Chief Mills, head of the Palm Springs Police Department, told the City Council on Jan. 28 that traffic collisions remain a leading local safety problem and outlined a three-part approach to reducing crashes.
"The bottom line is anybody dying in our city is one too many," Mills said, after presenting data showing 1,497 recorded collisions between 2023 and 2025, of which 549 had visible injuries, 110 were severe and 27 were fatal. He noted that DUI, failure to yield and speeding together account for more than half of collisions.
Mills framed the response around engineering, education and enforcement. On engineering, he urged traffic-calming measures such as circles and lane adjustments and suggested city staff study European-style treatments; on education, he endorsed campaigns like Vision Zero to change driver behavior; on enforcement he described stepped-up operations including "Operation Rearview Mirror," calibration of vehicle speedometers, and plans to restore motor officer staffing to three officers after recent losses.

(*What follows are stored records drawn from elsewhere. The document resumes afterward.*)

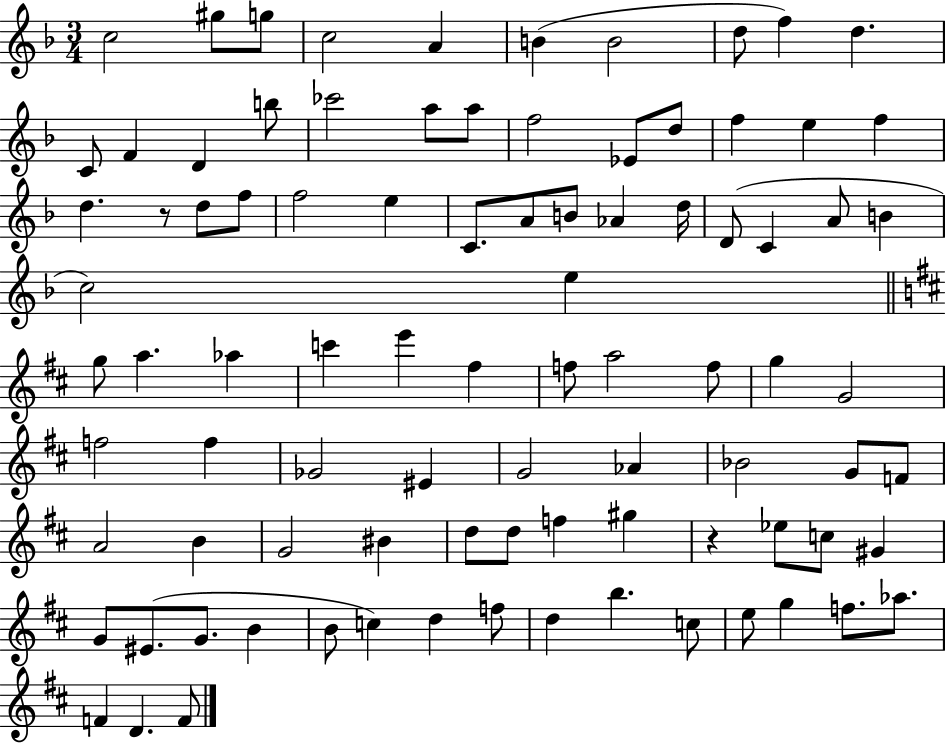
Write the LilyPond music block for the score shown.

{
  \clef treble
  \numericTimeSignature
  \time 3/4
  \key f \major
  c''2 gis''8 g''8 | c''2 a'4 | b'4( b'2 | d''8 f''4) d''4. | \break c'8 f'4 d'4 b''8 | ces'''2 a''8 a''8 | f''2 ees'8 d''8 | f''4 e''4 f''4 | \break d''4. r8 d''8 f''8 | f''2 e''4 | c'8. a'8 b'8 aes'4 d''16 | d'8( c'4 a'8 b'4 | \break c''2) e''4 | \bar "||" \break \key b \minor g''8 a''4. aes''4 | c'''4 e'''4 fis''4 | f''8 a''2 f''8 | g''4 g'2 | \break f''2 f''4 | ges'2 eis'4 | g'2 aes'4 | bes'2 g'8 f'8 | \break a'2 b'4 | g'2 bis'4 | d''8 d''8 f''4 gis''4 | r4 ees''8 c''8 gis'4 | \break g'8 eis'8.( g'8. b'4 | b'8 c''4) d''4 f''8 | d''4 b''4. c''8 | e''8 g''4 f''8. aes''8. | \break f'4 d'4. f'8 | \bar "|."
}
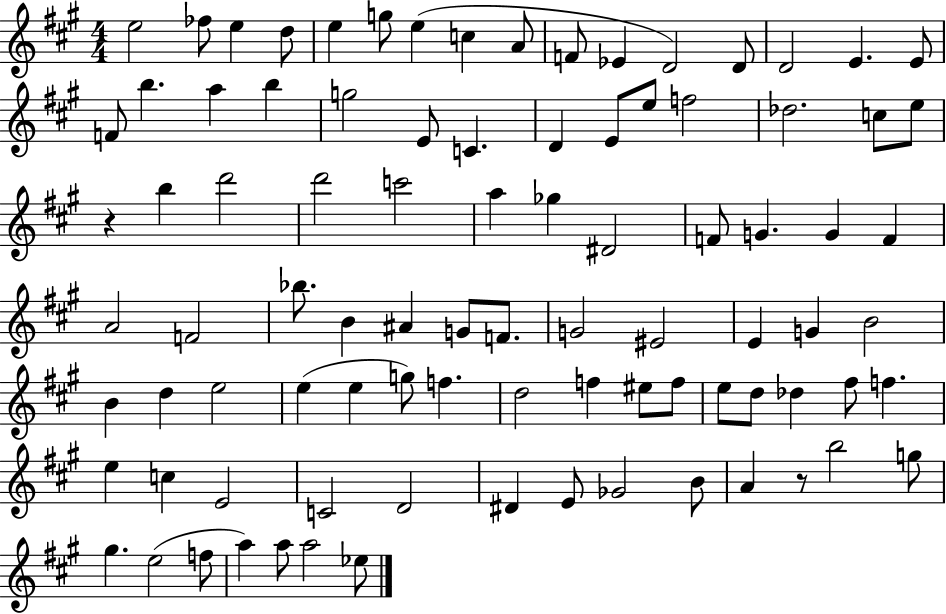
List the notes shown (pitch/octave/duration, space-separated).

E5/h FES5/e E5/q D5/e E5/q G5/e E5/q C5/q A4/e F4/e Eb4/q D4/h D4/e D4/h E4/q. E4/e F4/e B5/q. A5/q B5/q G5/h E4/e C4/q. D4/q E4/e E5/e F5/h Db5/h. C5/e E5/e R/q B5/q D6/h D6/h C6/h A5/q Gb5/q D#4/h F4/e G4/q. G4/q F4/q A4/h F4/h Bb5/e. B4/q A#4/q G4/e F4/e. G4/h EIS4/h E4/q G4/q B4/h B4/q D5/q E5/h E5/q E5/q G5/e F5/q. D5/h F5/q EIS5/e F5/e E5/e D5/e Db5/q F#5/e F5/q. E5/q C5/q E4/h C4/h D4/h D#4/q E4/e Gb4/h B4/e A4/q R/e B5/h G5/e G#5/q. E5/h F5/e A5/q A5/e A5/h Eb5/e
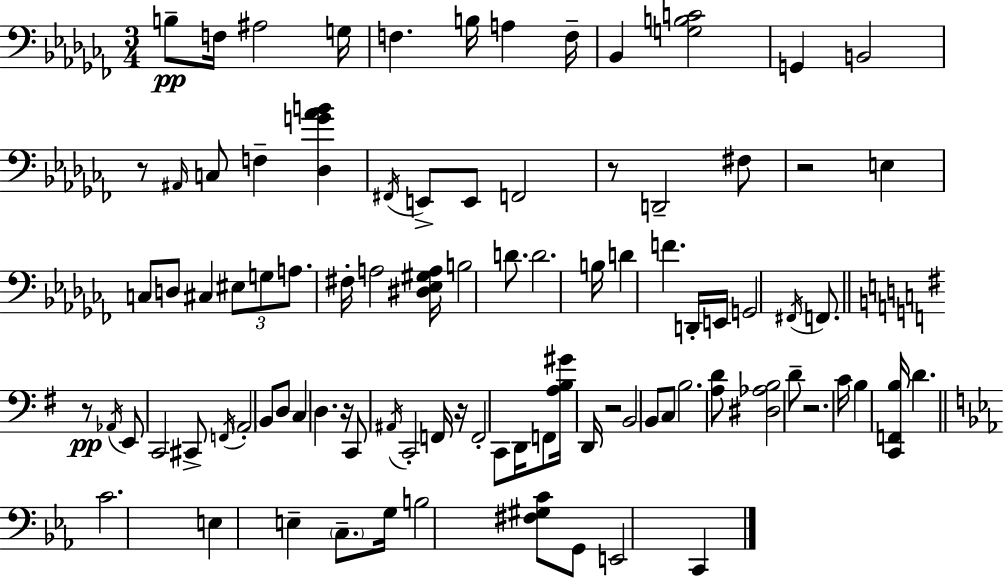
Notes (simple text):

B3/e F3/s A#3/h G3/s F3/q. B3/s A3/q F3/s Bb2/q [G3,B3,C4]/h G2/q B2/h R/e A#2/s C3/e F3/q [Db3,G4,Ab4,B4]/q F#2/s E2/e E2/e F2/h R/e D2/h F#3/e R/h E3/q C3/e D3/e C#3/q EIS3/e G3/e A3/e. F#3/s A3/h [D#3,Eb3,G#3,A3]/s B3/h D4/e. D4/h. B3/s D4/q F4/q. D2/s E2/s G2/h F#2/s F2/e. R/e Ab2/s E2/e C2/h C#2/e F2/s A2/h B2/e D3/e C3/q D3/q. R/s C2/e A#2/s C2/h F2/s R/s F2/h C2/e D2/s F2/e [A3,B3,G#4]/s D2/s R/h B2/h B2/e C3/e B3/h. [A3,D4]/e [D#3,Ab3,B3]/h D4/e R/h. C4/s B3/q [C2,F2,B3]/s D4/q. C4/h. E3/q E3/q C3/e. G3/s B3/h [F#3,G#3,C4]/e G2/e E2/h C2/q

Council members asked for more detail on red-light and signal violations and whether camera or drone technologies could help. Mills said signal enforcement can be difficult without clear line-of-sight or corroborating evidence but offered to run plate checks on complaints submitted by residents and to share additional analysis the department is compiling.
Several council members and the chief discussed pedestrian safety in particular; Mills said eight of recent fatal collisions involved pedestrians walking in the roadway and urged both better street design and countermeasures to reduce exposure. The council encouraged staff to return with data-driven engineering proposals and to coordinate possible grant funding for targeted enforcement and education programs.